Summary of this case from Fooshee v. Interstate Vending Company

Opinion

Nos. 34967, 35080.

May 24, 1956.

Hildebrand, Bills McLeod, Oakland, Cal., for plaintiffs.

McCutchen, Thomas, Matthews Greene, San Francisco, Cal., for defendant United States Steel Corporation.


These are motions by defendant Inland Steel Company to quash purported service of summons, and to dismiss for lack of venue and jurisdiction in the above companion cases.

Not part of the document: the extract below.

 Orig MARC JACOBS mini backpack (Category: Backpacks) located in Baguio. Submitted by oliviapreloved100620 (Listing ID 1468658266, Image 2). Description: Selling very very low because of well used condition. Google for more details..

The Motion To Quash Purported Service Of Summons

Fed.R.Civ.P. 4(d)(3), 28 U.S.C. provides that service on a foreign corporation may be made on

"* * * an officer, a managing or general agent, or to any other agent authorized by appointment or by law to receive service of process * * *."

Inland Steel Company is a Delaware corporation with a principal place of business in Chicago, Illinois. It is neither registered nor qualified to do business in California, nor does it maintain any offices or representatives in California. It has authorized no agent to accept service of process upon it in California.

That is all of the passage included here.